As part of the financing, GGV Capital Managing Partner Glenn Solomon will join the Coder board of directors.
“The Coder founders are rare talents–they built a platform embraced by both developers and enterprises,” Solomon said. “The platform showcases the value of centrally managed remote development environments, meaning security and productivity aren’t mutually exclusive. We are thrilled to be working with this team and help them grow.”
The new capital will go toward supporting an “aggressive” hiring plan and toward product innovation and increased global growth. Coder currently has about 30 employees working out of its office in Austin.
“We have plans to scale quite a bit from this round,” Entwistle said.
Entwistle first met his co-founders when he was 13 and running a small game server company out of his parents’ home in New York. At one point, he decided he needed to hire an engineer and connected with Carberry, who lived in Saskatoon, Canada, and also happened to be 13. The two teens clicked and began working together.
“We had more users, and after about three to four months, we were generating $10,000 a month in revenue and, as kids, we got extremely excited about everything,” Entwistle told Crunchbase News. “As things continued to grow, we realized we needed a system architect to manage all the servers.”
A few Skype conversations later, and the young pair hired 12-year-old Bandukwala out of Alabama to join their efforts.

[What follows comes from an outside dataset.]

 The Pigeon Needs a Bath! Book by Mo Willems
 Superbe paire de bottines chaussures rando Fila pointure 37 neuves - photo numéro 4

“Over the next several years we evolved from building game servers to building DDOS mitigation platforms, 1 million-plus monthly visitor websites and peer-to-peer file sharing companies,” Entwistle recalls. “We were spending 12 hours a day on skype calls trying to build something great. That’s how we spent our childhood. That was our lives.”
In the process of creating the companies, websites and platforms, the trio began to ask themselves why they were writing code on their local computers when all their spec sheets, repositories and products lived in the cloud.
“The idea of ‘Google Docs’ for code wasn’t a new one, but we knew that if we didn’t want to use existing solutions, there must be a better way,” Entwistle said.
So immediately upon graduating from high school in 2016, the three set out to build Coder.
As I noted when I last covered the company, it’s not every day you see such young people making headlines for starting tech companies and raising millions in funding. Pretty impressive!